● **AIM OF THE EXERCISE**: Below are some records; find each line that carries the word "uslublari" and copy it.

[Data excerpts]
----
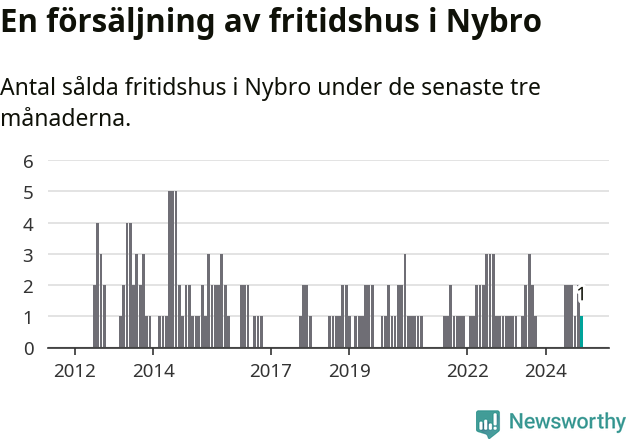 Graf: Antal sålda fritidshus i Nybro kommun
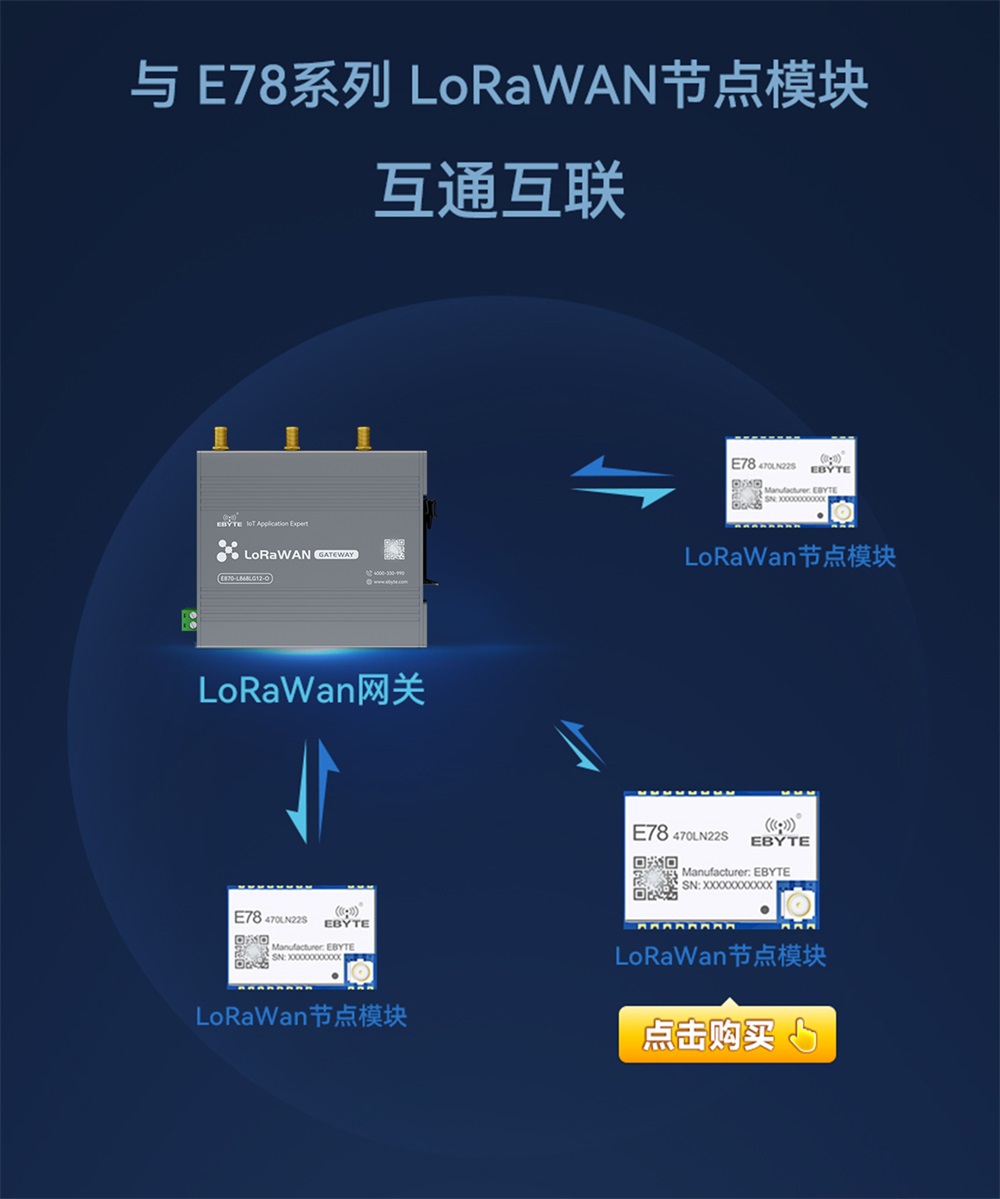 E870-L915LG12-O系列LoRaWAN網(wǎng)關(guān) (7)
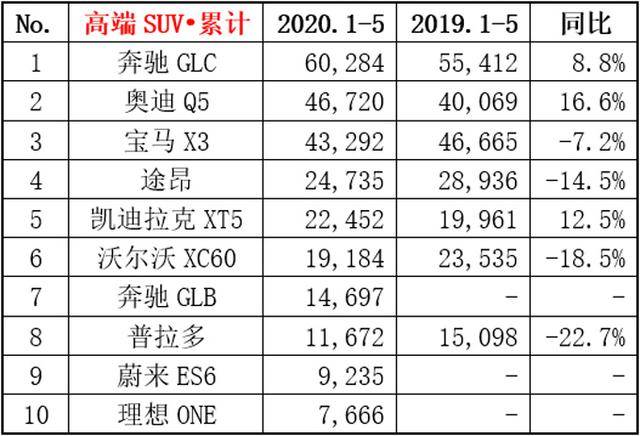 十大热门的GT车型2025年排行榜前十名榜单出炉 十大热门的GT车型2025年排行榜前十名榜单出炉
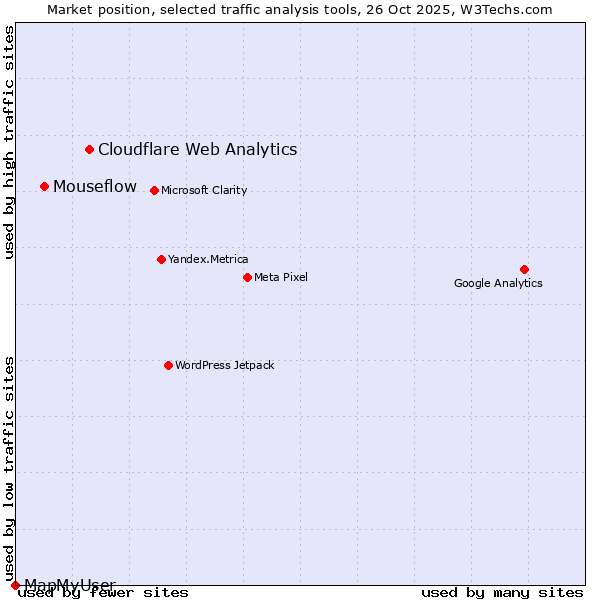 Market position of Cloudflare Web Analytics vs. Mouseflow vs. MapMyUser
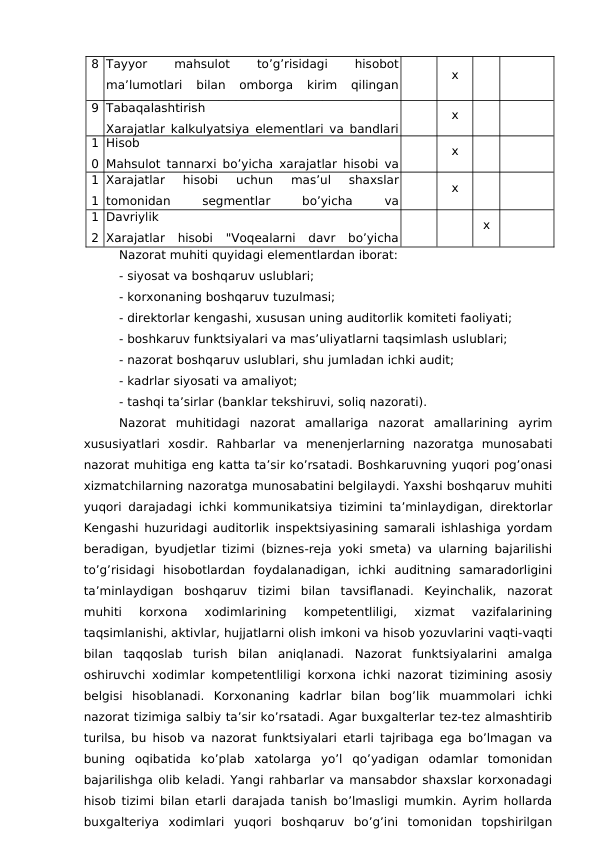 8 Tayyor
 
mahsulot
 
to’g’risidagi
 
hisobot
ma’lumotlari  bilan  omborga  kirim  qilingan
mahsulotlar to’g’risidagi  ma’lumotlar  orasidagi
x
9 Tabaqalashtirish
Xarajatlar kalkulyatsiya elementlari va bandlari
x
1
0
Hisob
Mahsulot tannarxi bo’yicha xarajatlar hisobi va
kalkulyatsiya usuli tanlab olinganmi?
x
1
1
Xarajatlar  hisobi  uchun  mas’ul  shaxslar
tomonidan
 
segmentlar
 
bo’yicha
 
va
umumlashtirilgan
 
hisob
 
ma’lumotlari
x
1
2
Davriylik
Xarajatlar  hisobi  "Voqealarni  davr  bo’yicha
aniqligi" tamoyiliga javob beradimi?
x
Nazorat muhiti quyidagi elementlardan iborat:
- siyosat va boshqaruv uslublari;
- korxonaning boshqaruv tuzulmasi;
- direktorlar kengashi, xususan uning auditorlik komiteti faoliyati;
- boshkaruv funktsiyalari va mas’uliyatlarni taqsimlash uslublari;
- nazorat boshqaruv uslublari, shu jumladan ichki audit;
- kadrlar siyosati va amaliyot;
- tashqi ta’sirlar (banklar tekshiruvi, soliq nazorati).
Nazorat  muhitidagi  nazorat  amallariga  nazorat  amallarining  ayrim
xususiyatlari  xosdir. Rahbarlar  va  menenjerlarning  nazoratga  munosabati
nazorat muhitiga eng katta ta’sir ko’rsatadi. Boshkaruvning yuqori pog’onasi
xizmatchilarning nazoratga munosabatini belgilaydi. Yaxshi boshqaruv muhiti
yuqori darajadagi ichki kommunikatsiya tizimini ta’minlaydigan, direktorlar
Kengashi huzuridagi auditorlik inspektsiyasining samarali ishlashiga yordam
beradigan, byudjetlar tizimi (biznes-reja yoki smeta) va ularning bajarilishi
to’g’risidagi  hisobotlardan  foydalanadigan,  ichki  auditning  samaradorligini
ta’minlaydigan  boshqaruv  tizimi  bilan  tavsiflanadi.  Keyinchalik,  nazorat
muhiti  korxona  xodimlarining  kompetentliligi,  xizmat  vazifalarining
taqsimlanishi, aktivlar, hujjatlarni olish imkoni va hisob yozuvlarini vaqti-vaqti
bilan  taqqoslab  turish  bilan  aniqlanadi.  Nazorat  funktsiyalarini  amalga
oshiruvchi xodimlar kompetentliligi korxona ichki nazorat tizimining asosiy
belgisi  hisoblanadi.  Korxonaning  kadrlar  bilan  bog’lik  muammolari  ichki
nazorat tizimiga salbiy ta’sir ko’rsatadi. Agar buxgalterlar tez-tez almashtirib
turilsa, bu hisob va nazorat funktsiyalari etarli tajribaga ega bo’lmagan va
buning  oqibatida  ko’plab  xatolarga  yo’l  qo’yadigan  odamlar  tomonidan
bajarilishga olib keladi. Yangi rahbarlar va mansabdor shaxslar korxonadagi
hisob tizimi bilan etarli darajada tanish bo’lmasligi mumkin. Ayrim hollarda
buxgalteriya  xodimlari  yuqori  boshqaruv  bo’g’ini  tomonidan  topshirilgan
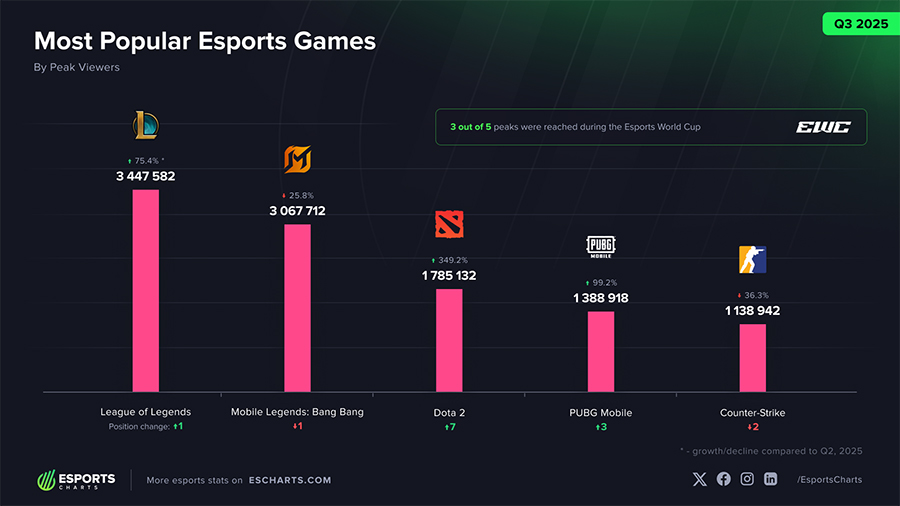 Những tựa game và sự kiện Esports nổi bật nhất Quý 3 năm 2025 esports q3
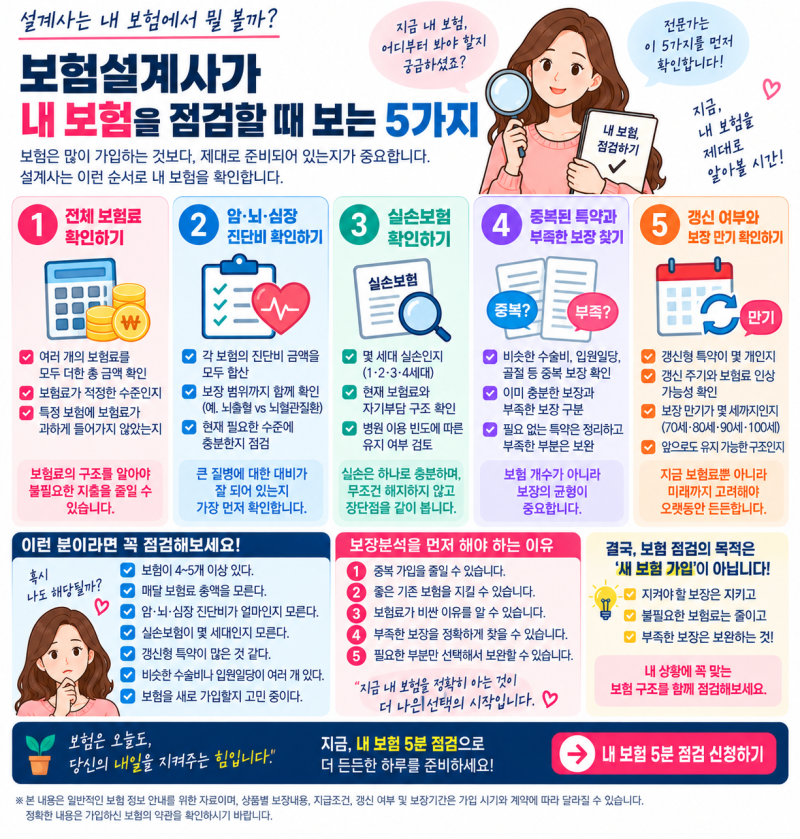 보험설계사가 내 보험을 점검할 때 보는 5가지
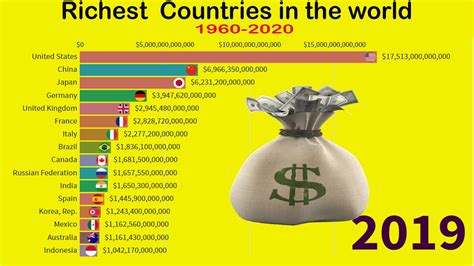 Top Richest Countries In The World By Images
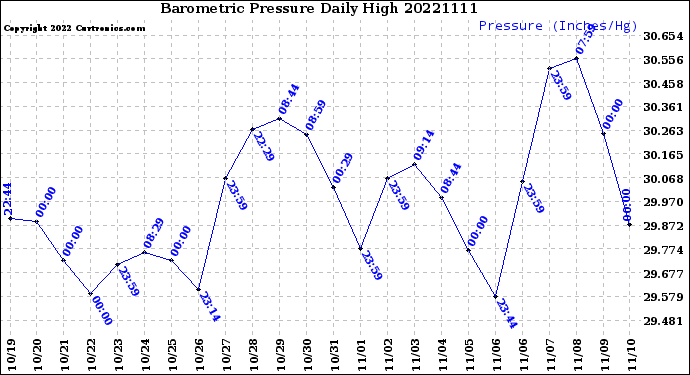 Milwaukee Weather Barometric Pressure<br>Daily High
----
● **ANSWER SECTION**:
- siyosat va boshqaruv uslublari;
- boshkaruv funktsiyalari va mas’uliyatlarni taqsimlash uslublari;
- nazorat boshqaruv uslublari, shu jumladan ichki audit;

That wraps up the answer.